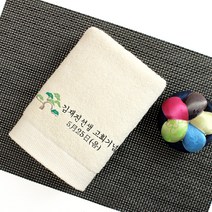 [어메니티타올] 40수 코마사 200g 고희 답례품 수건, 무염색, 1장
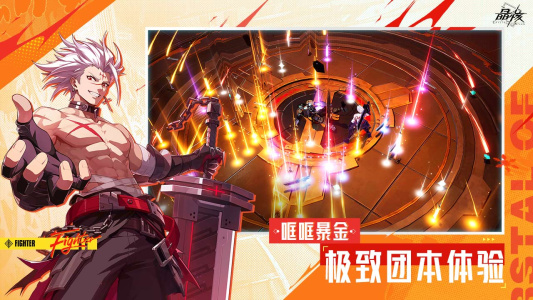 晶核bilibili渠道版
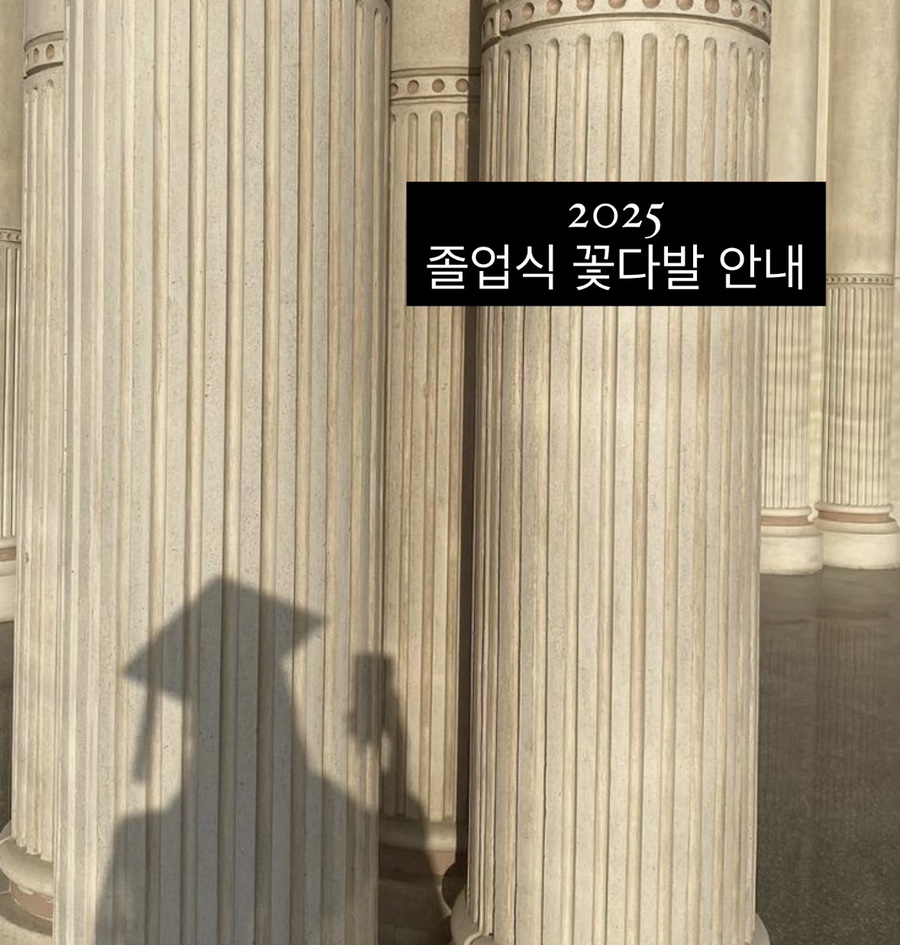 러브로지플라워 이미지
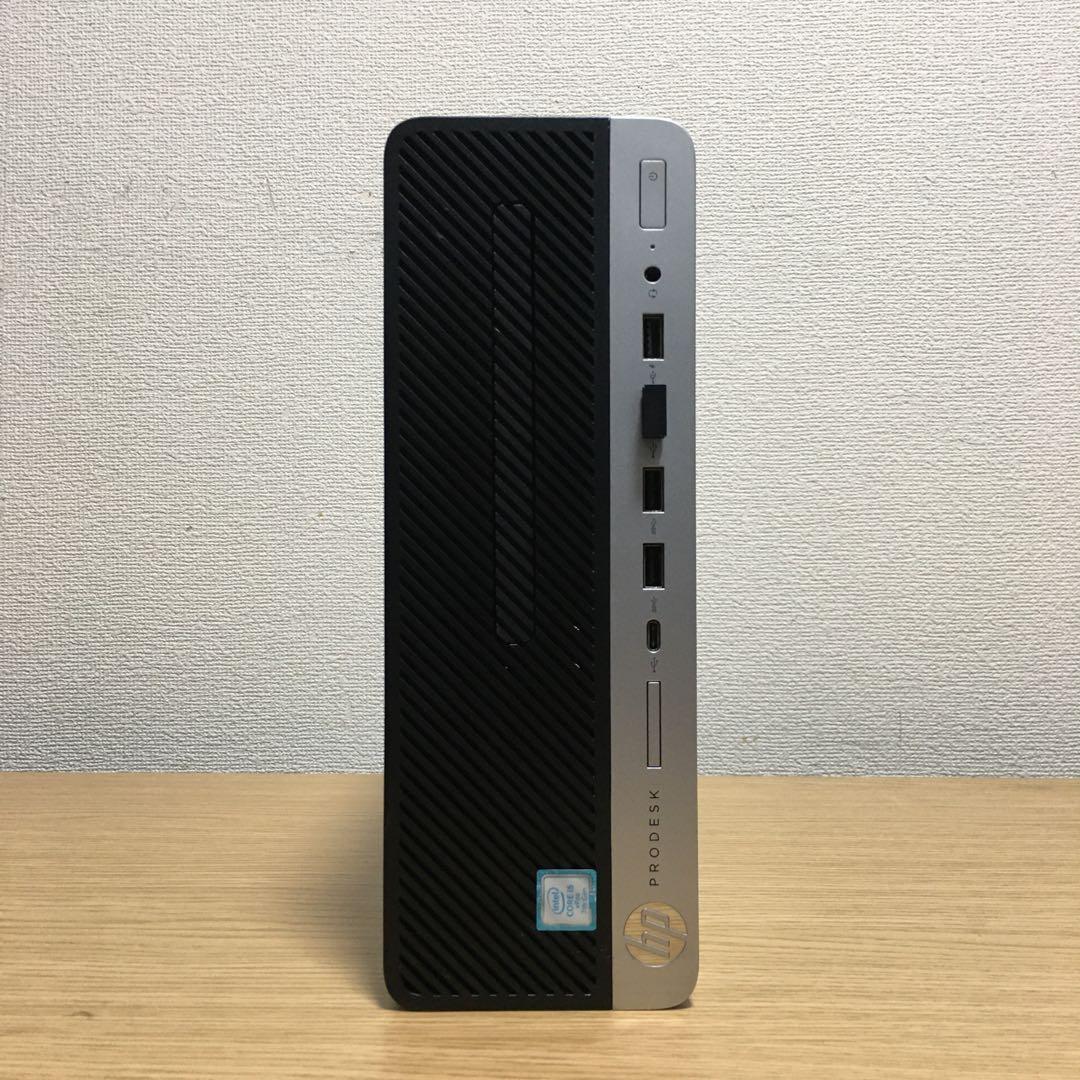 フルセット HP ProDesk Win11 デスクトップPC 23.8'モニタ
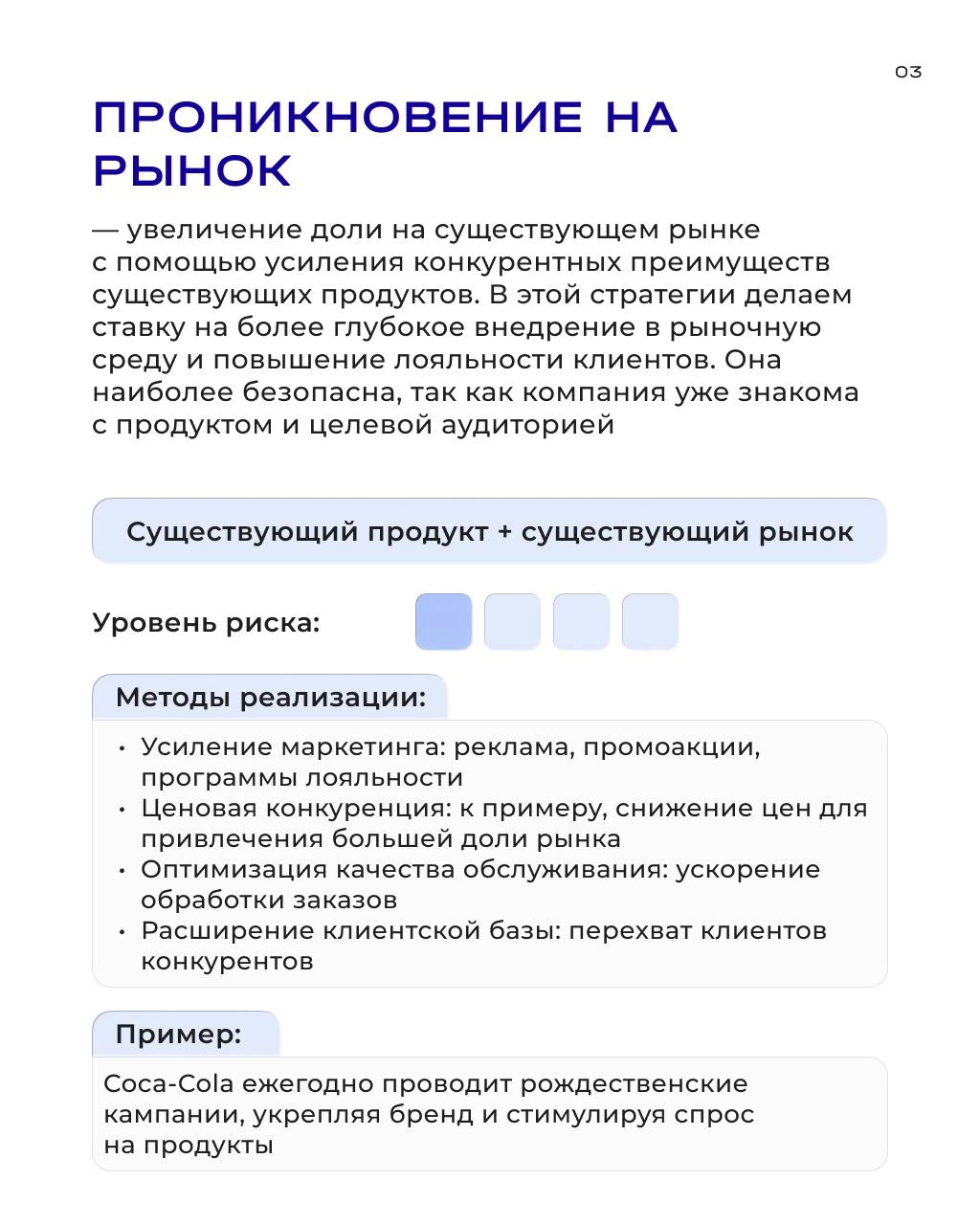 Принимаем обоснованные решения в условиях неопределенности: Матрица Ансоффа — инструмент выбора стратегии роста
Матрица Ансоффа — это простой и наглядный инструмент, который показывает четыре основных... | Сетка — новая социальная сеть от hh.ru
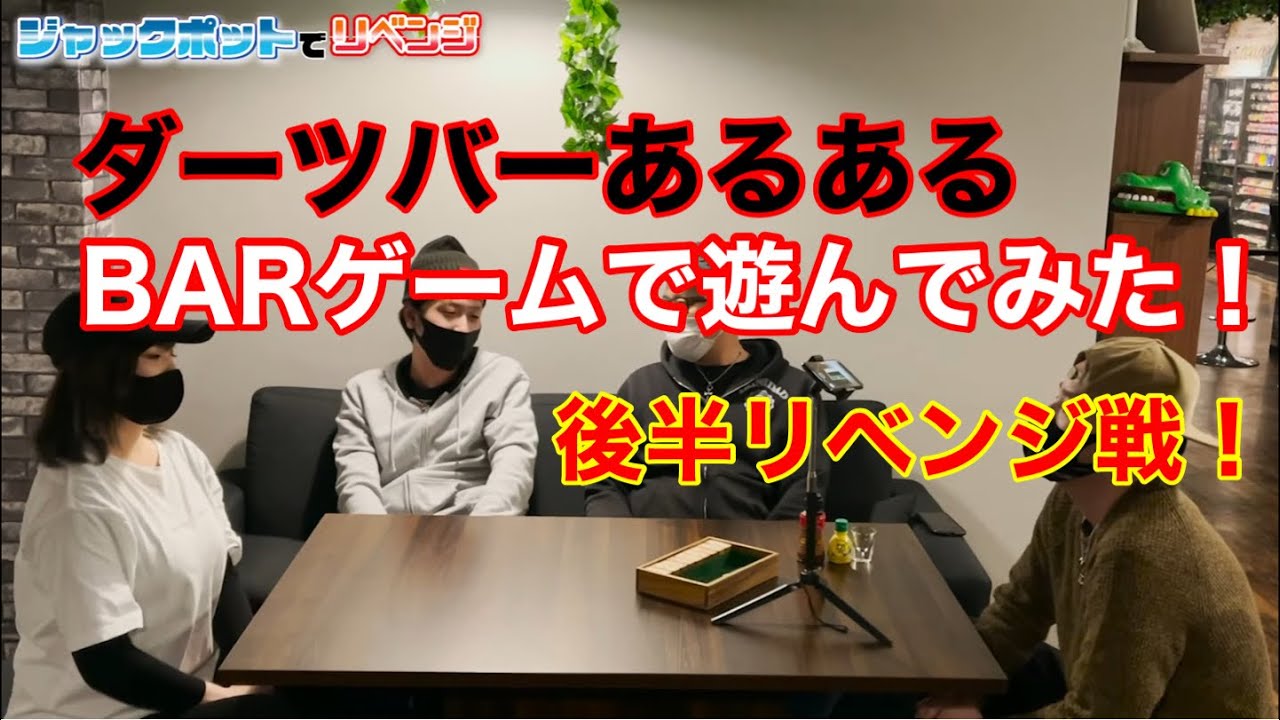 【YouTube / エンタメ】浅田斉吾のせ〜ちゃんねる 様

▶ [ABOUT THIS EXERCISE]
From the line containing "フルセット HP ProDesk Win11 デスクトップPC 23.8'モニタ" down to the last line of the entries above, copy each line exactly and nothing more. Leave pictures out.

▶ [EXPECTED ANSWER]
 フルセット HP ProDesk Win11 デスクトップPC 23.8'モニタ
 Принимаем обоснованные решения в условиях неопределенности: Матрица Ансоффа — инструмент выбора стратегии роста
Матрица Ансоффа — это простой и наглядный инструмент, который показывает четыре основных... | Сетка — новая социальная сеть от hh.ru
 【YouTube / エンタメ】浅田斉吾のせ〜ちゃんねる 様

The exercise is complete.